Here are the areas for which the Consortium seeks release of the revised MDA:

  • What is the economic impact assessment of the MDA?
  • What is the environmental and social impact assessment (EIA) as it relates to the expanded investments and the extent to which all issues are addressed?
  • What is the estimated income to the Government over the life of the concession?
  • The request also calls for details on what effect the MDA could have on other potential investors (if any) in sectors impacted by the MDA, to assess full impact on Liberia’s private sector growth.
  • Are there any provisions therein for the benefit of Liberian businesses?
  • A key point of contention that calls for full disclosure involves agreements around the use or expansion of all public infrastructure such as ports, rails, utilities and any other public facilities, and any limitations or sole exclusivity granted in the MDA to ArcelorMittal.  On this point, ArcelorMittal Liberia in the past has held the position that it should retain control of the Yekepa to Buchannan rail and certain port infrastructure the company has developed, even though those infrastructure are sovereign assets of  the Republic of Liberia.  Many industry analysts disagree with this position and argue instead that public infrastructure should never be under the exclusive control of any one company but should be under the control of the Government.
  • The FOI request also calls for details regarding the estimated 7,000 direct and indirect jobs to be created as stipulated in the Government’s press release of September 10, 2021. Including plans for Liberians assuming roles in the management structure.
  • Speaking of jobs, among other benefits, the request also aims to understand the potential impact on the surrounding and affected communities and their socioeconomic development. Affected communities in ArcelorMittal’s existing concession areas feel disenchanted that the company has not lived up to its proposed corporate social responsibilities according to the MDA. This includes job opportunities specifically for residents of the affected communities.
  • The request calls for disclosure of all GOL performance reviews to date (if any) of the existing concession for compliance and any justifications for the extension.
  • What are the Government of Liberia’s plans, as reported in its September 10, 2021 press release, pertaining to planned expenditures and use of the USD $65 million, agreed to as pre-payment of fees and as signing bonus, the FOI request aims to know.

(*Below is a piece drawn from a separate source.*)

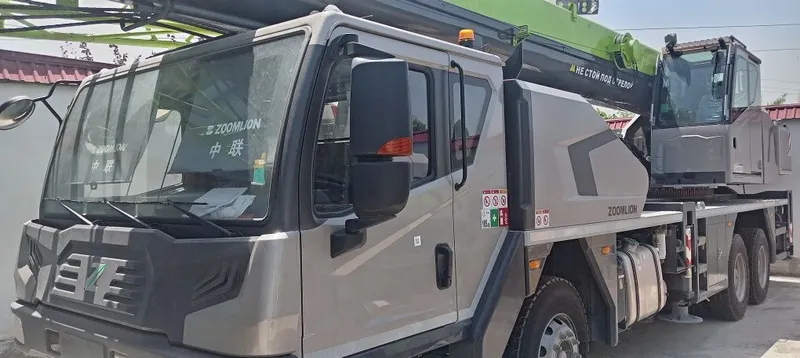 Zoomlion Avtokran 30t skladda tayyor. Ekskavator, Buldozer Betonnasos 1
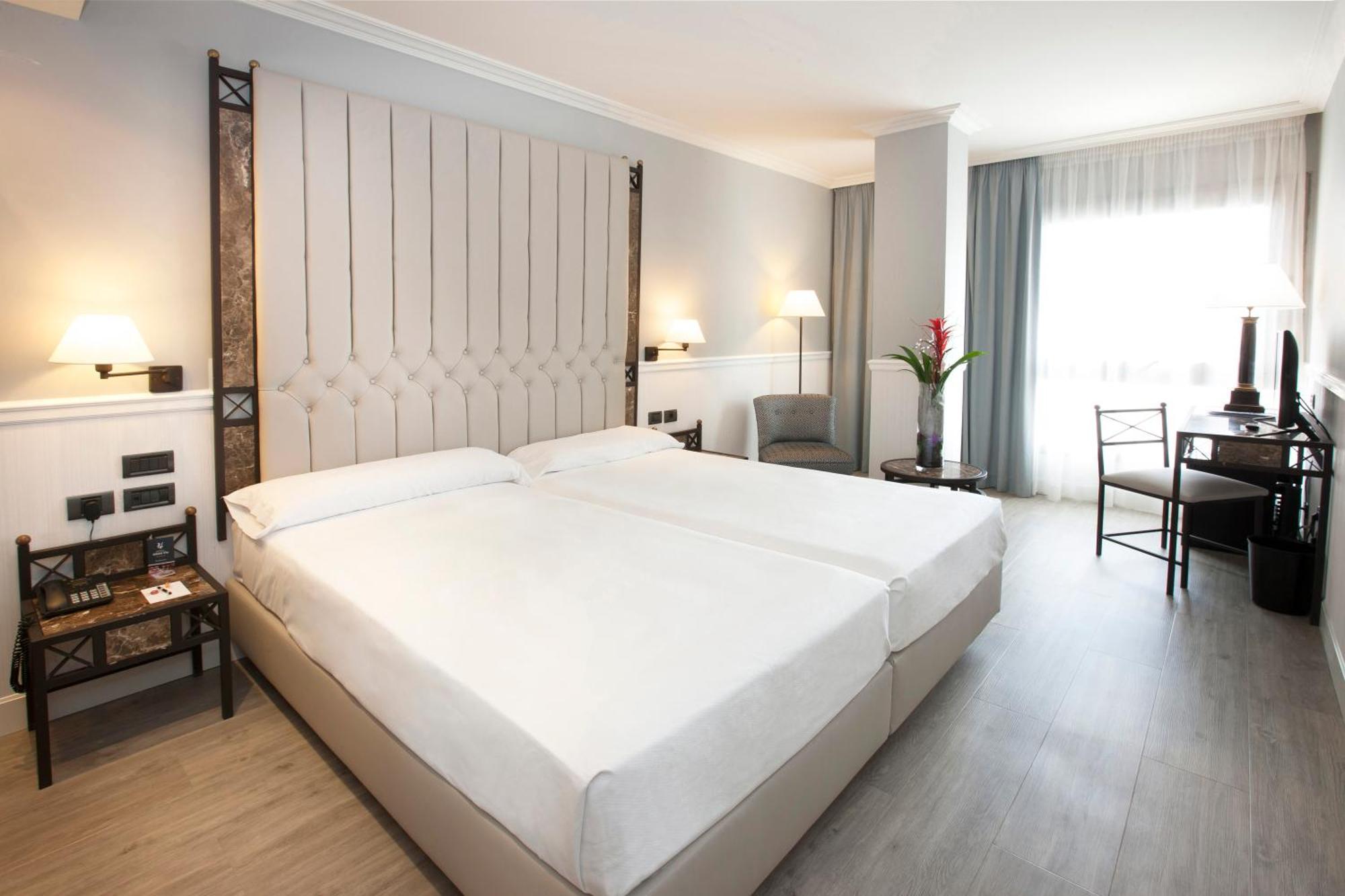Hotel Gran Via โลโกรโญ ภายนอก รูปภาพ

Finally (for now) the FOI request calls for full disclosure of all proposed monitoring mechanisms to ensure that parties comply with the MDA for the benefit of the Liberian people.

Liberia signed on as a member state of the Extractive Industries Transparency Initiative in July 2009, with the passage of a law establishing the Liberia Extractive Industries Transparency Initiative (LEITI) to ensure revenue and contract transparency in the extractive sectors. The LEITI’s mandate, according to the law, is to assist in ensuring that all benefits due the Government and people of Liberia on account of the exploitation and/or extraction of the country’s minerals and other resources are (1) verifiably paid or provided; (2) duly accounted for; and (3) prudently utilized for the benefits of all Liberians and on the basis of equity and sustainability.  A key part of the LEITI’s mandate is to promote the public disclosure of contracts and concessions bearing relationship with the extraction of forest and mineral resources.